The news of Paystack leading a consortium to acquire Brass, the Nigerian business banking startup, was initially met with cheers. It signaled a potential win-win – a lifeline for Brass and a strategic expansion for Paystack. However, the initial optimism has been tempered by a wave of restructuring and layoffs.
Furloughed Employees Let Go: While initial reports suggested only top brass like CEOs and CTOs departed, the reality paints a different picture. Sixteen employees put on furlough in March 2024 were let go permanently. Brass cited its “new operating model” prioritizing financial prudence as the reason for downsizing. This came as a blow to these employees who were promised their eventual return after furlough. Reports suggest their layoffs coincided with the acquisition announcement.
Remaining Staff Face Re-evaluation: The restructuring wasn’t limited to furloughed employees. Remaining Brass staff, including some executives and team leads, were presented with a choice: resign or be re-evaluated for their roles through interviews. This process apparently resulted in only 70% of non-furloughed employees keeping their positions under the new Brass entity. Those departing received a one-month severance package.

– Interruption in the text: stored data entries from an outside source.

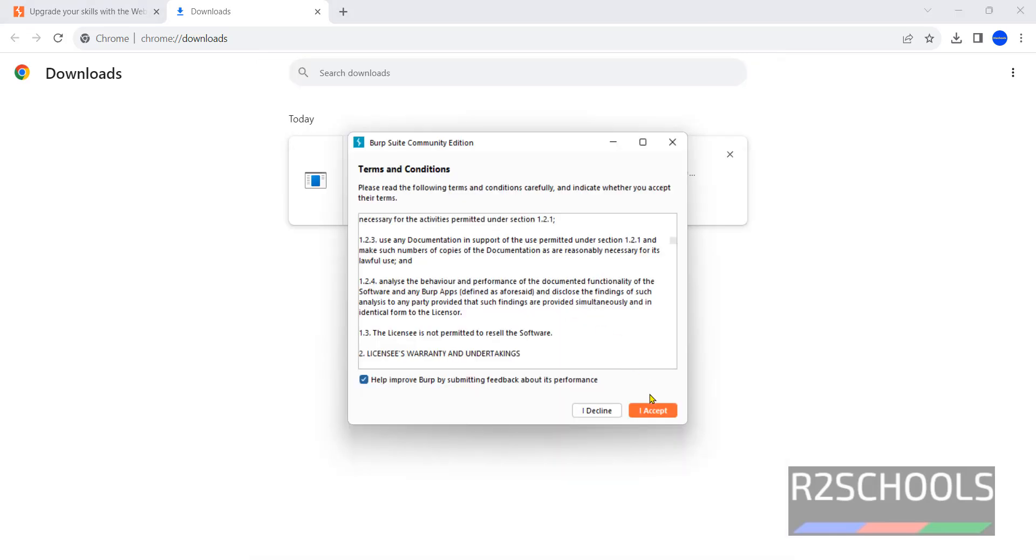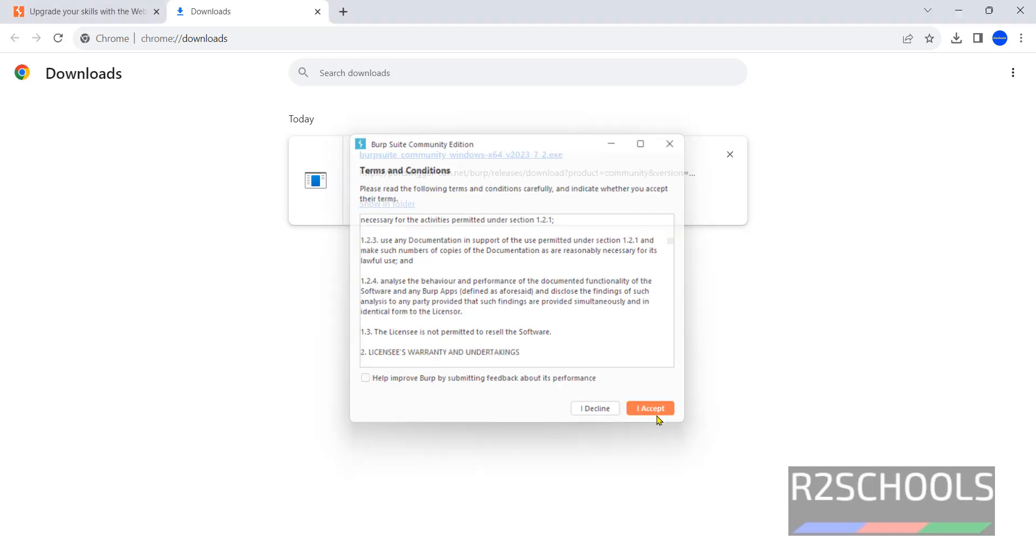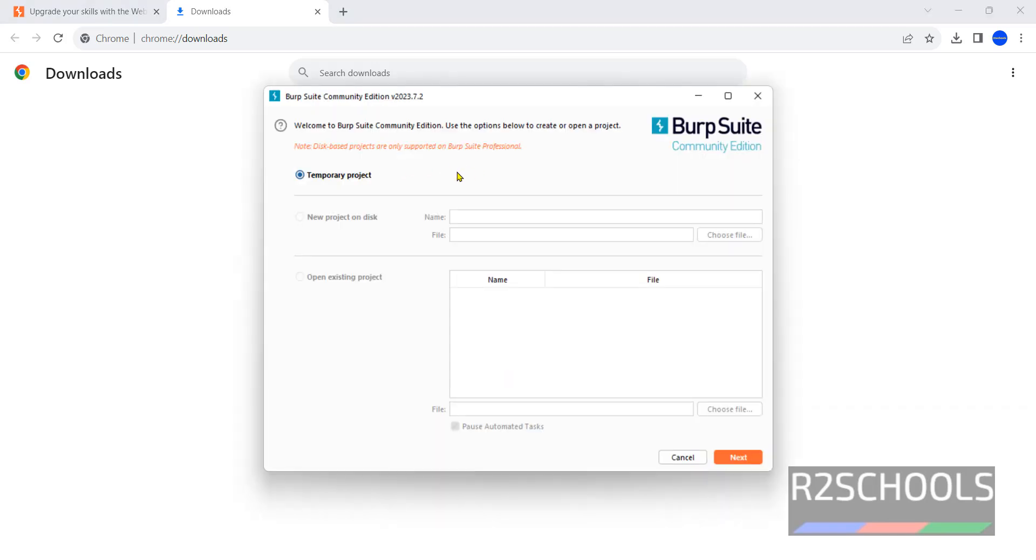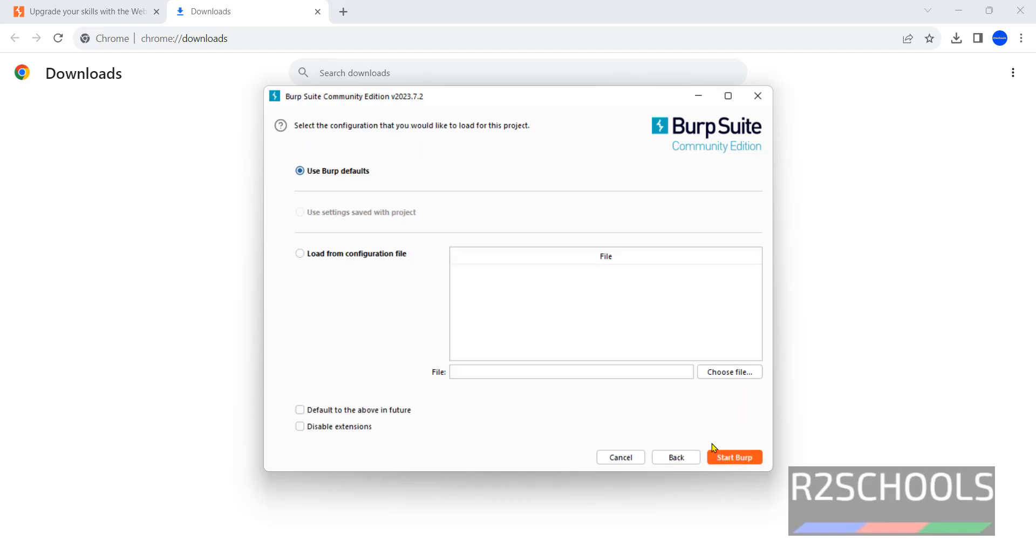Terms and conditions. Then if you want to improve, send feedback, you have to check this checkbox. Otherwise uncheck and click on I accept. It is going to create temporary project. Then click on Next.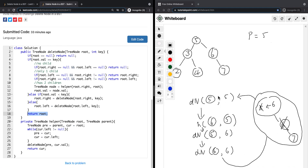We return the new root, which is now node 6. The time complexity is O(log n), or the height of the tree, since we use binary search to find the node we want to delete and then modify the tree. That's pretty much how we solve the problem — thank you for watching.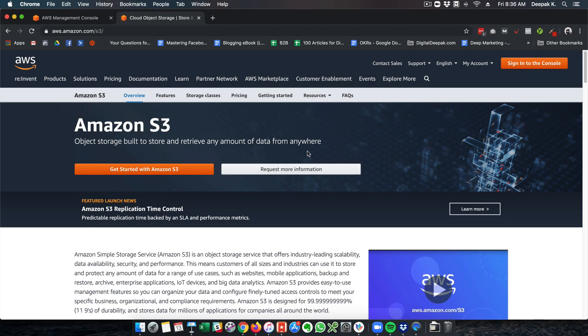Hey, this is Deepak here from DigitalDeepak.com and in this video we are going to have a look at Amazon S3. Amazon S3 is a cloud storage system and it's a very simple storage system.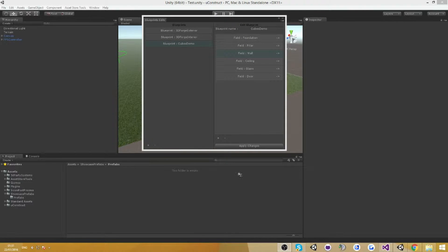Hello everyone and welcome to another video of U-Construct. This video is going to be a showcase video on the blueprint system. If you don't know what the blueprint system is, make sure to check out the tutorial I made about it — there's going to be a link in the description. In this video, what I'm going to show you is the power of the system.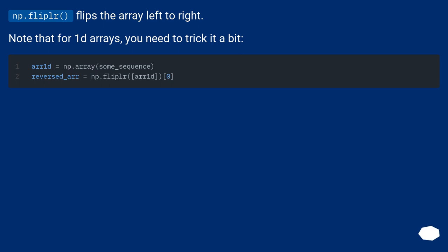np.fliplr() flips the array left to right. Note that for 1D arrays, you need to trick it a bit.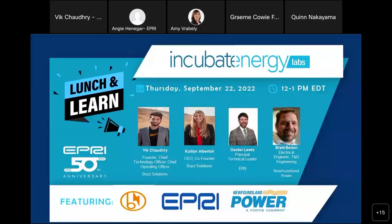Welcome to the September issue of the Incubate Energy Labs Lunch and Learn session. Today we're featuring Buzz Solutions and Newfoundland Power.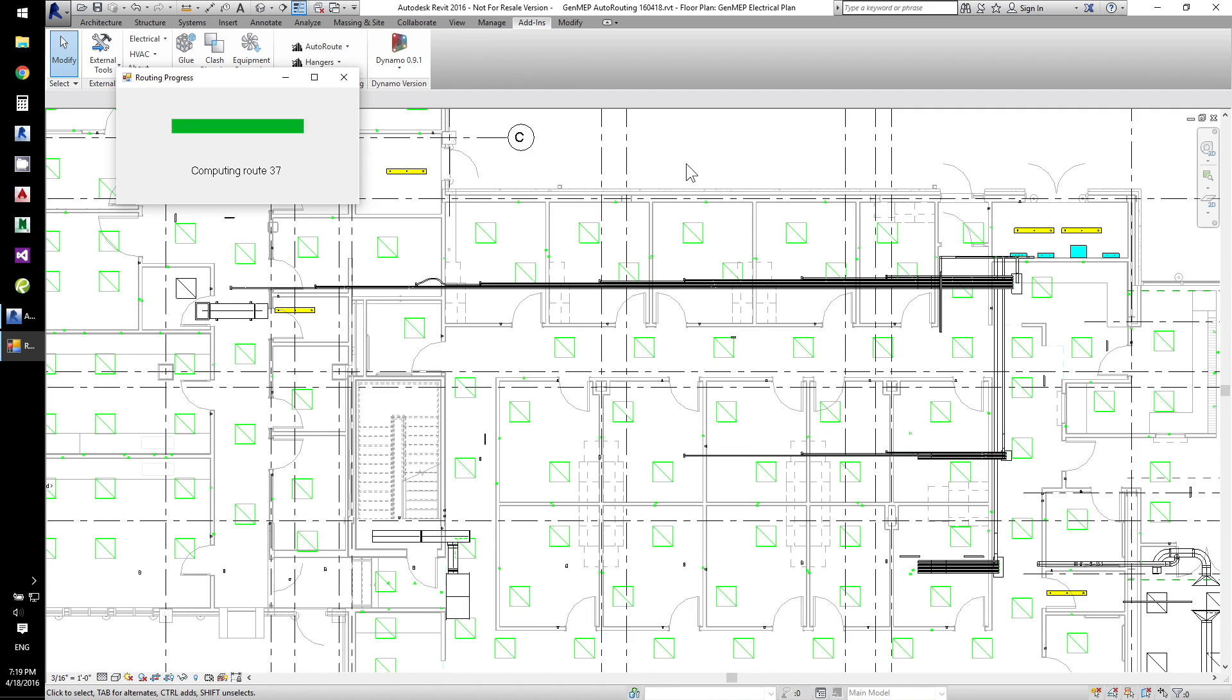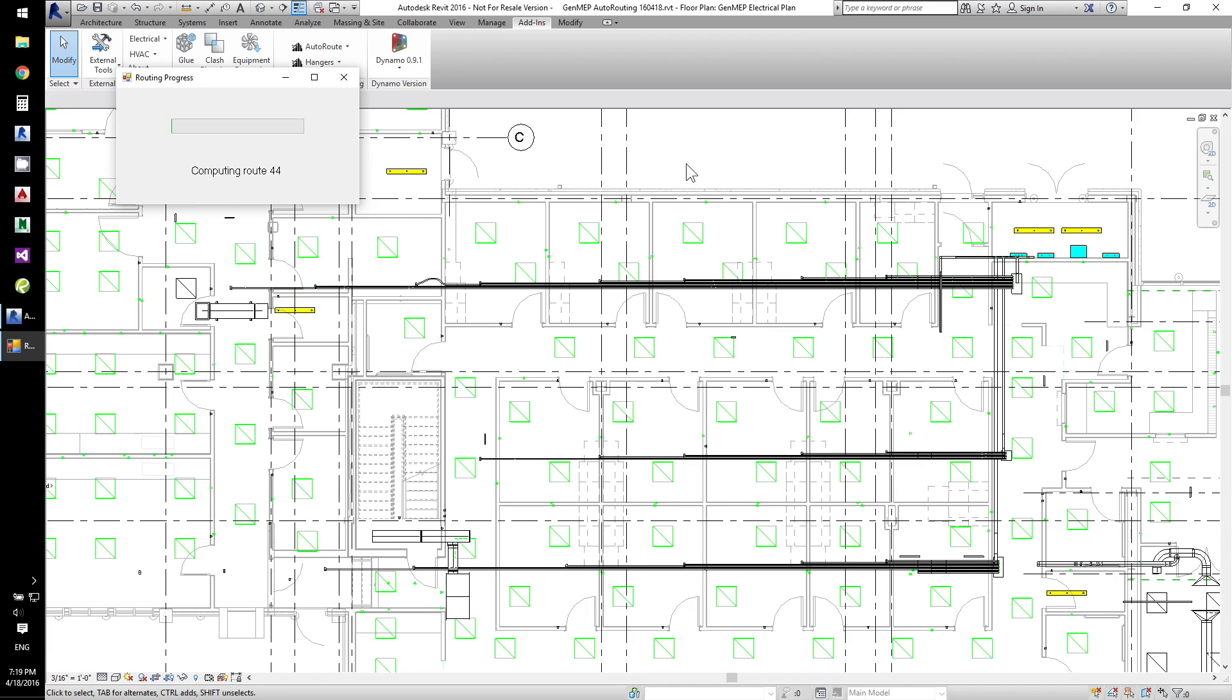As you can see, JAN MEP dramatically increases modeling productivity and does it in a controllable, clash-free way.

New Leadership and Uncertain Future: The company is currently without permanent leadership, with a team comprised of both former Brass and current Paystack employees handling interim management. This uncertainty adds to the concerns of remaining staff.
The Road Ahead: Balancing Growth and Stability
While consolidation can be beneficial, Brass’s experience highlights the human cost of such restructuring. Balancing growth with employee security remains a challenge. The success of Brass’s future hinges on effectively integrating with Paystack and offering a seamless experience for all stakeholders – customers, investors, and most importantly, the employees who remain the backbone of the company. Only time will tell if Brass can emerge leaner, stronger, and continue its mission to empower Nigerian SMEs.